The 39 Steps: Alfred Hitchcock’s Fun, Flighty Trial Run of North By Northwest
North By Northwest, Alfred Hitchcock’s 1959 film about an everyday marketing executive (Cary Grant’s Roger Thornhill) embroiled in an international manhunt by foreign spies after an unfortunate case of mistaken identity, is often noted as being heavily influential on the modern action film. It’s tough to argue against, as Hitchcock’s setpiece-forward approach to the film, favoring big moments and clever character banter over intricate plotting or symbolism, would predict many contemporary crowd-pleasing spectacles. The Master of Suspense ended up with a progenitor of the upbeat, globetrotting blockbuster.
However, it doesn’t take too thorough an investigation of his prior catalog to see that he was always building toward a film like North By Northwest. His oeuvre is one full of spy pictures, particularly ones where someone finds themselves in the wrong place at the wrong time, or is thrust into the world of international espionage after they are mistaken for someone they’re not (apt for a director with a film literally called The Wrong Man). The Man Who Knew Too Much, Secret Agent, Foreign Correspondent and Saboteur all intersect with these particular conventions of Hitchcock’s films in one way or another. But the one that feels most in tune with the spirit of North by Northwest and, indeed, makes for an even earlier predecessor of the types of blockbusters seen today is his British-made film The 39 Steps.

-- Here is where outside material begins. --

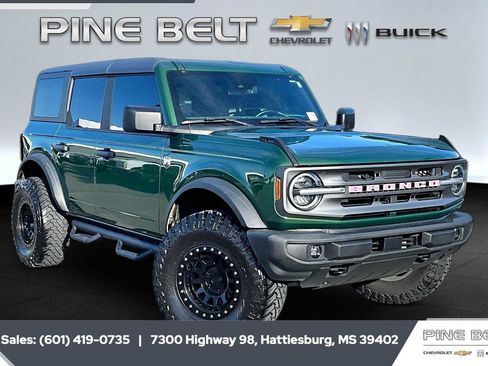 Used 2022 Ford Bronco Big Bend AWD/4WD image 1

As a story about an average man on the run after accidentally being exposed to the taciturn world of undercover agents, The 39 Steps is a familiar, winking piece of pulp from a director who thrived when throwing his audience off-track as much as he did when purely entertaining them. And yes, it’s hard for it not to feel like a dry run of the film that would later be known as one of his masterpieces.
Unlike Thornhill, whom a group of foreign agents pursues after he’s erroneously identified as an opposing spy, The 39 Steps follows Richard Hannay (Robert Donat), a man in London on business who is fleeing the law after being wrongly accused of a murder in his flat. The murdered woman, Annabella Smith (Lucie Mannheim), was an undercover agent whose death actually lies at the hands of operatives from the mysterious 39 Steps spy organization. Having shared intel with Hannay that the men she’s looking for are located in the Scottish highlands, Hannay flees north in order to uncover the outfit and clear his name, experiencing close encounters with both the police and dangerous foreign agents in the process.

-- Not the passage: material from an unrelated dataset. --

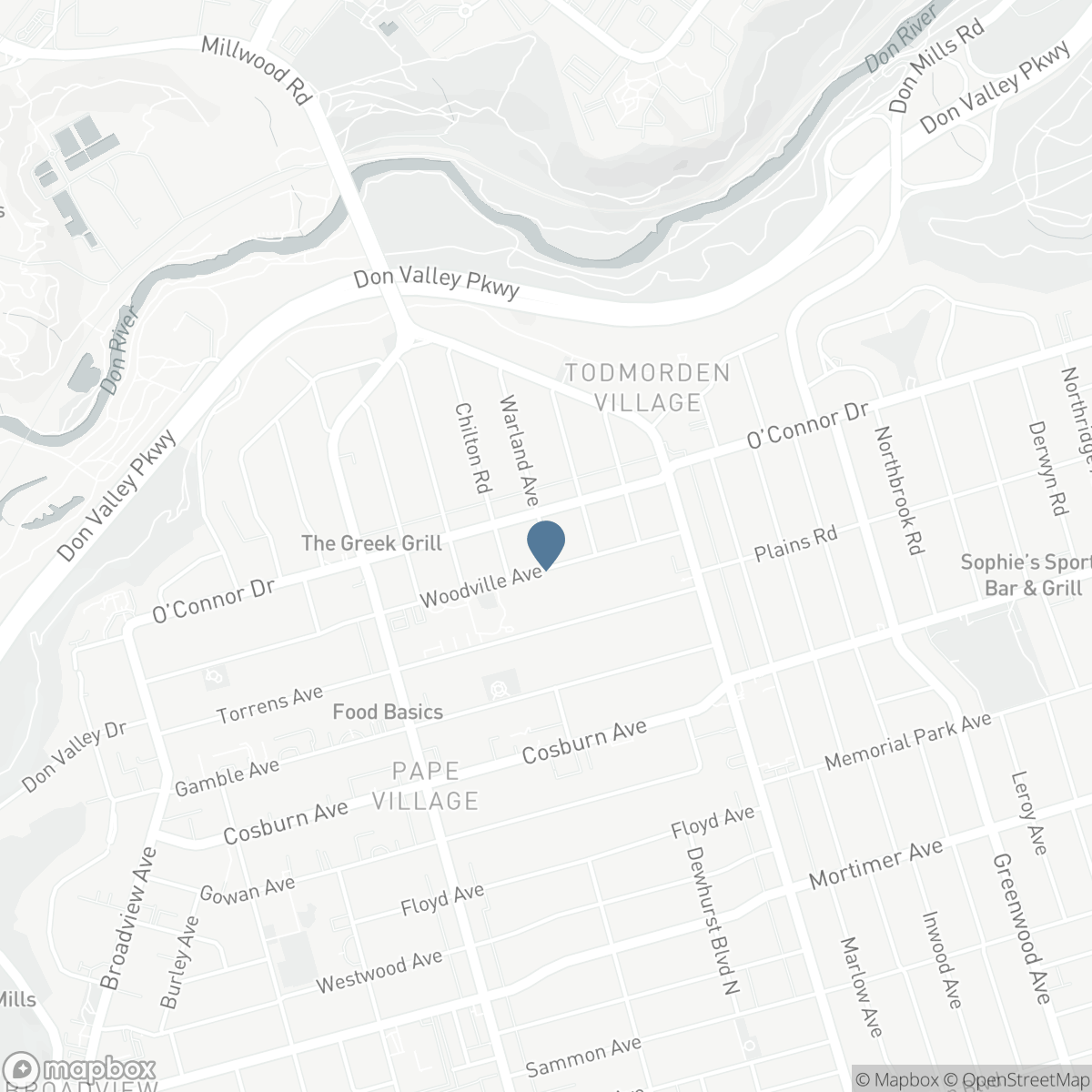 1 WARLAND AVENUE, Toronto, Ontario M4J 3E8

Just as North by Northwest was steeped in Cold War paranoia, The 39 Steps is indebted to similar notions of political fears and invading foreign presences. Fitting, as John Buchan’s novel of the same name, on which the film is based, was written at the outset of World War I and deals with the fears of intelligence agents in England and Scotland.
Yet both films also prioritize a gradually escalating sense of adventure, intrigue and fun. In particular, The 39 Steps sees Hitchcock in pulp mode, where his tight, controlled framing and gift for crafting sequences of mounting tension meets a freewheeling sense of episodic incident in which a dopey, ill-equipped guy finds himself flying by the seat of his pants as he tries to outrun the parties closing in on him, all while encasing himself further into a world of peril. Though loosely based on Buchan’s novel, the film deviates from the plot significantly, likely because Hitchcock saw a story he could imbue with his particular flair for impish thrills.

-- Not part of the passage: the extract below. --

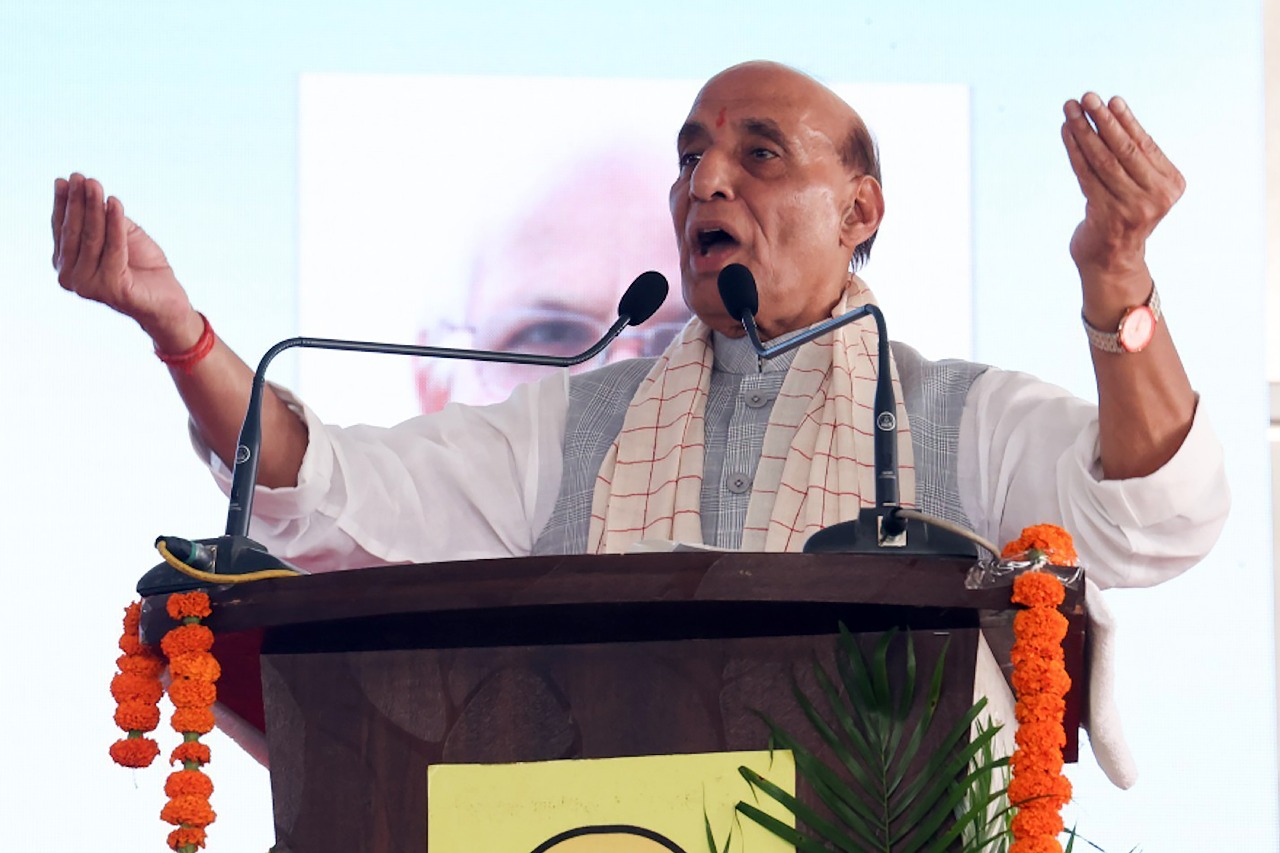 Pahalgam terrorists killed after asking religion, but we killed after seeing their deeds: Rajnath Singh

Also like North By Northwest, The 39 Steps’ idea of a globetrotting adventure is limited to a single country. Still, the adventurous capers are infectious as we move from the nightlife of London to the rural moors of Scotland and back again. The 39 Steps is fueled by the conspiracy of words and double-crossings through and through, yet still feels evocative of the blockbuster heroes and feats that we see in cinemas today.
In particular, Hannay feels like a man who is forced into an Ethan Hunt role—and hilariously so. Much like Hunt in the first Mission: Impossible, he has to maneuver his way through a world of deception and suspicion while working to clear his name of wrongdoing. The only difference is that Hannay is not a trained spy, which leads to comic sequences such as attempting to flee the authorities searching for him on a moving train by ducking into a cabin and passionately kissing the residing woman, Pamela (Madeleine Carroll), to make it look like a moment of intimacy.
It’s a move that may have worked if done with the quick, charming acuity of Hunt or the smooth allure of James Bond. For Hannay, it ends with Pamela immediately selling him out, forcing him to escape by shimmying along the outside of the (still moving) train into another cabin, just barely avoiding the police until it comes to a stop and he’s able to properly lose his pursuers.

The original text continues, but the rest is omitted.